Harbor is unhealthy due to unready postgresql, which is ready instead

karaguo commented 2 years ago

Expected behavior and actual behavior: There is a flaky issue spotted during harbor deployment. HarborCluster became unhealthy (at this moment postgresql and redis pods are ready and harbor components' pods are not initiated), and the only abnormal status when we check the harborCluster is

Last Transition Time:  2022-04-26T21:29:13Z
message: psql is Creating
reason: Database is not ready

however, the postgresql's status is RUNNING, and the harbor operator pod also logged as below:

2022-04-26T21:29:13.217Z    INFO    harbor-operator.controller.database    Creating Database.
{"controller": "harborcluster", "version": "v1.1.1-***", "git.commit": "none", 
"namespace": "***", "name": "<postgresql cluster name>"}                                                                                                      
2022-04-26T21:29:13.246Z    INFO    harbor-operator.controller.database    Database create complete.    
{"controller": "harborcluster", "version": "v1.1.1-***", "git.commit" : "none", 
"namespace": "***", "name": "<postgresql cluster name>"}

So it shows that there is nothing wrong on postgresql DB.

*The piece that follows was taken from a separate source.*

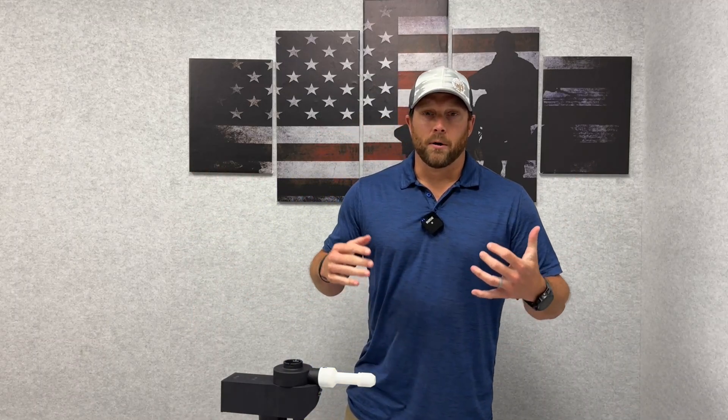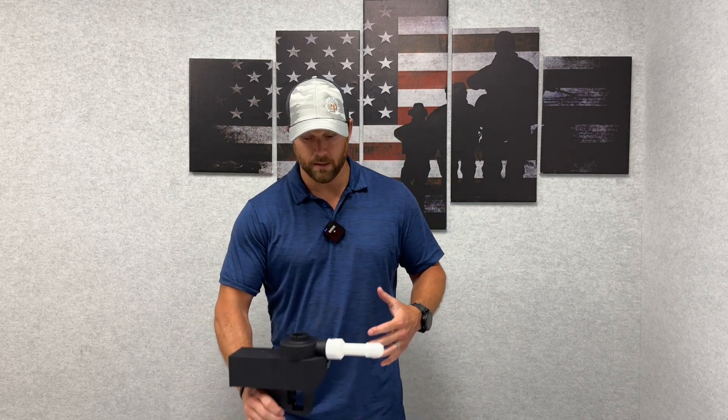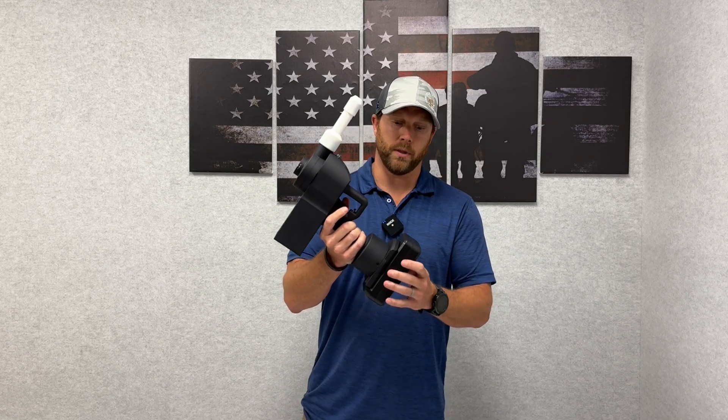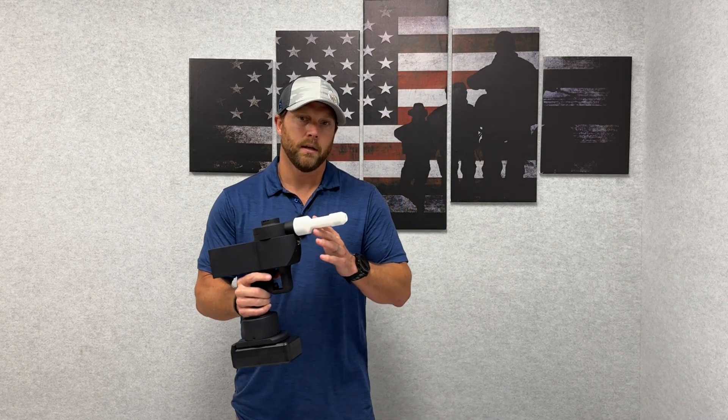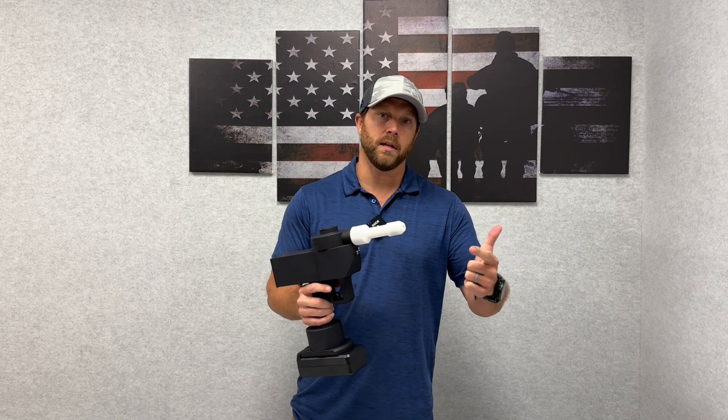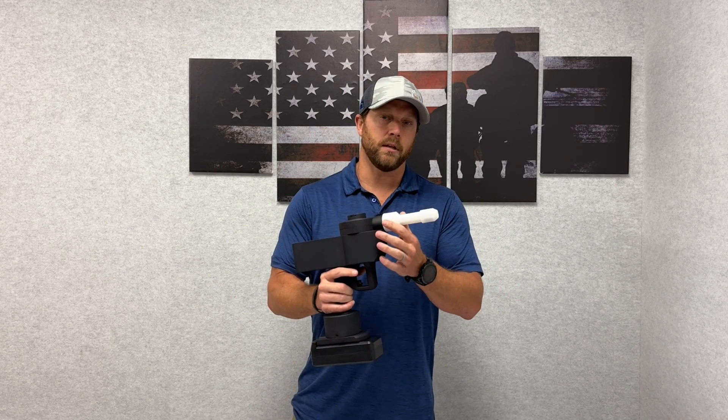Hey, how you doing? Sean here again with MapBot, but today I'm actually going to talk about one of our subsidiaries called Acessoplasma. Acesso is the Greek god of healing, and this is one of the products within Acesso — a handheld device that not only can disinfect and decontaminate, but also increase the healing rate on a patient.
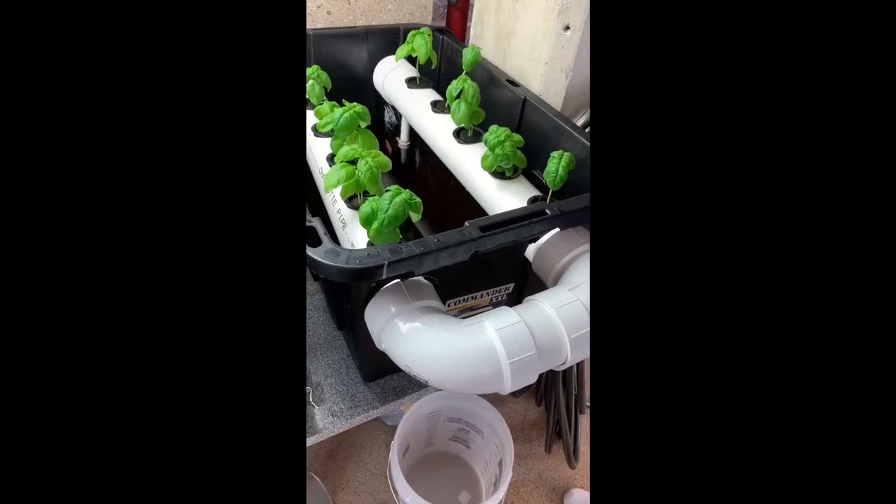For our project, Danielle and I constructed an active hydroponic system. A hydroponic system is a system that works to grow plants in a nutrient solution without using any soil. It is an active system, which means the water is constantly being pumped through it, so it is moving water.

Restarting harbor operator pod fixed the issue. After restarting the harbor operator pod, the harbor components are deployed immediately and harborCluster becomes healthy. Therefore, it is possible that harbor operator doesn't properly show the status and report an unhealthy status, which might be a false positive. Hi team can you please give more insights on this issue? Also our team found a recent change on pg status check such as https://github.com/goharbor/harbor-operator/pull/476/files. Can you please help take a look and see if this is a regression? Thanks!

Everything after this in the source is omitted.